▶ **Supplied data**:
* * * * * * *

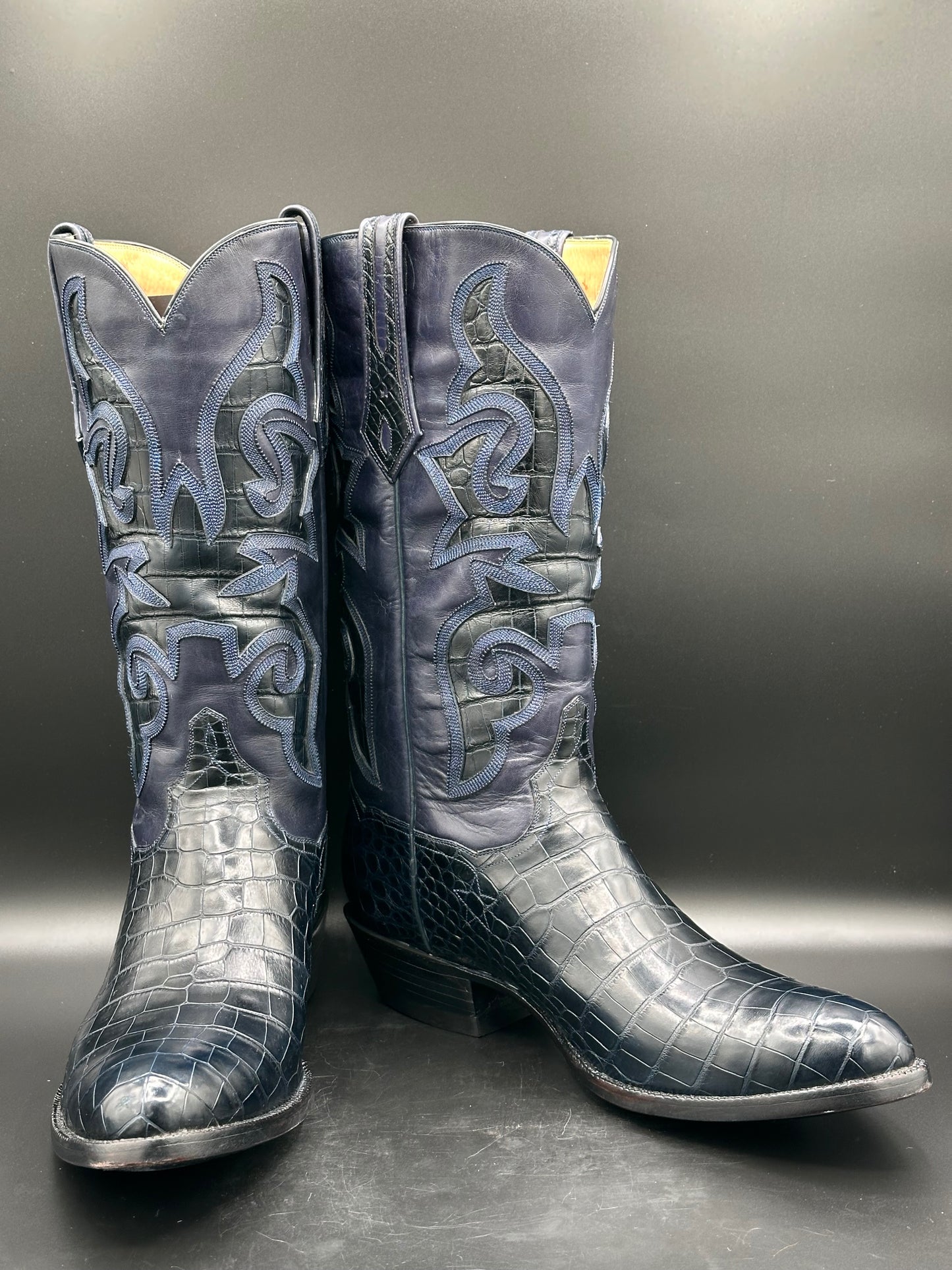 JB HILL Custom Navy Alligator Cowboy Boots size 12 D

* * * * * * *

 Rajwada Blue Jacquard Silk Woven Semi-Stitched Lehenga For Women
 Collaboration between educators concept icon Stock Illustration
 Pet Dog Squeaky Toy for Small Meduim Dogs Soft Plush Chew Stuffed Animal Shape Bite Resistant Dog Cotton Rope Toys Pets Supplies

* * * * * * *

▶ **How to complete this task**:
In the material above, find the line containing "Collaboration between educators" and the line containing "Pet Dog Squeaky", then write out exactly those two lines and every line between them, and nothing more.

▶ **Worked solution**:
 Collaboration between educators concept icon Stock Illustration
 Pet Dog Squeaky Toy for Small Meduim Dogs Soft Plush Chew Stuffed Animal Shape Bite Resistant Dog Cotton Rope Toys Pets Supplies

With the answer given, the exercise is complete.